Il comportamento umano è fortemente influenzato dal bisogno di coerenza, una tendenza naturale a mantenere uniformità tra le proprie azioni, pensieri e decisioni passate. Questo principio, noto come coerenza, è strettamente legato al concetto di dissonanza cognitiva, introdotto dallo psicologo Leon Festinger nel 1957. Quest’ultimo ha evidenziato come le persone sperimentino un disagio psicologico quando le loro azioni e convinzioni sono in conflitto, un fenomeno che chiamiamo dissonanza cognitiva. Per comprendere meglio questo principio, immaginate di aver preso una decisione importante, come l’acquisto di un’auto nuova. Tuttavia, una volta effettuato l’acquisto, è probabile che iniziate a cercare informazioni che confermino la bontà della vostra scelta e a ignorare o sminuire quei pensieri che la mettono in discussione. Questo accade perché la dissonanza cognitiva – il disagio derivante dal confronto tra l’azione (acquistare l’auto) e eventuali dubbi successivi – è qualcosa che desideriamo evitare. In pratica, ci impegniamo a rimanere coerenti con le nostre decisioni per mantenere un senso di stabilità e integrità personale. Ecco che questa tendenza alla coerenza può essere sfruttata in modo strategico in vari contesti per influenzare i comportamenti futuri delle persone.E’ il caso del marketing, ad esempio, una volta che un consumatore ha fatto un piccolo acquisto o ha accettato un campione gratuito, è più probabile che si impegni in ulteriori acquisti per mantenere la coerenza con la decisione iniziale.
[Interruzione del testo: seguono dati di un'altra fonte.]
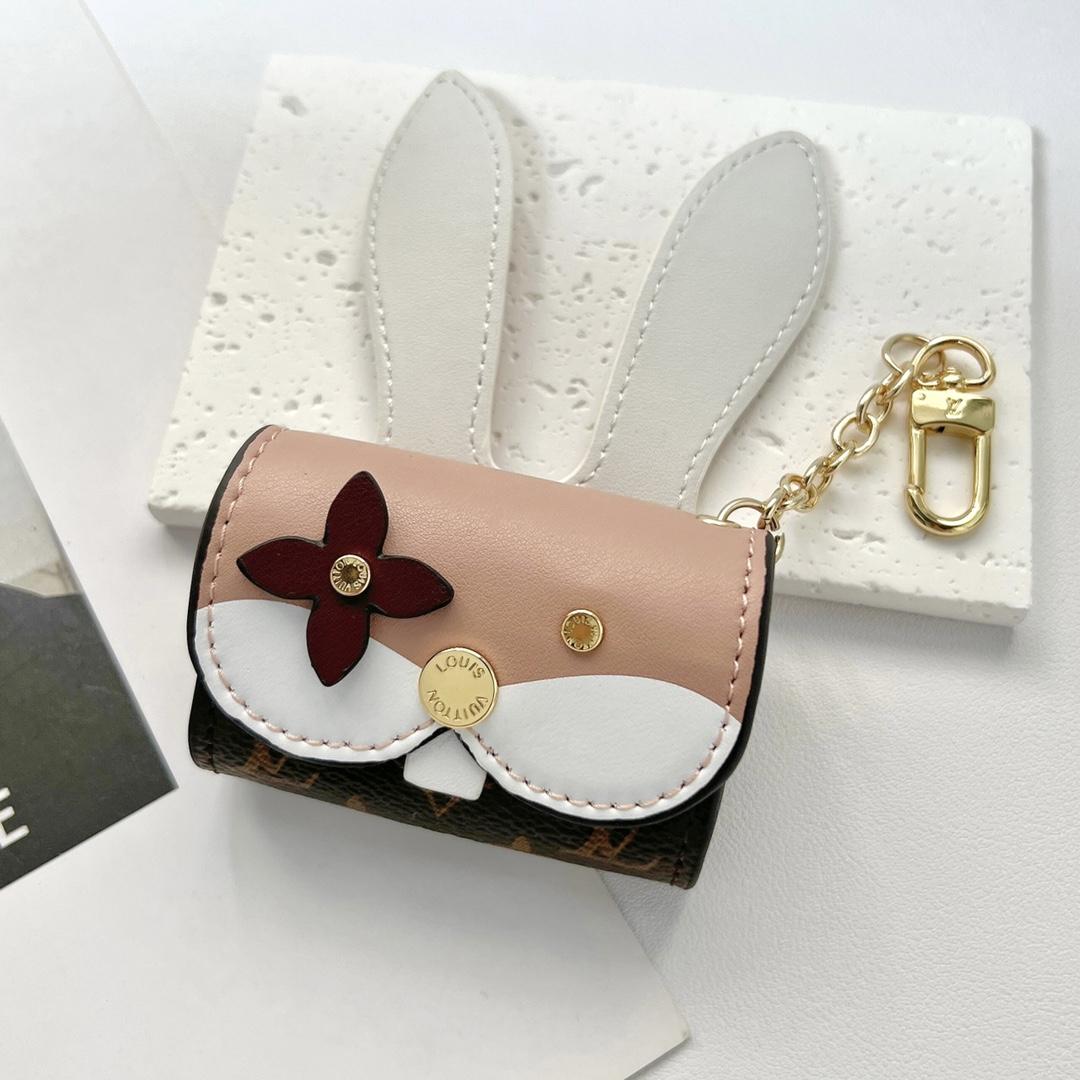 Louis Vuitton Rabbit Earpods Case    GI0863 - EUR FASHION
Questo è noto come effetto piede-nella-porta, una tecnica di persuasione psicologica basata sul principio che ottenere un piccolo impegno iniziale rende più probabile che una persona accetti una richiesta più grande successivamente. Il nome deriva dalla metafora di un venditore che, mettendo il piede nella porta di casa di un cliente, riesce a mantenere aperto uno spiraglio per proporre ulteriori prodotti.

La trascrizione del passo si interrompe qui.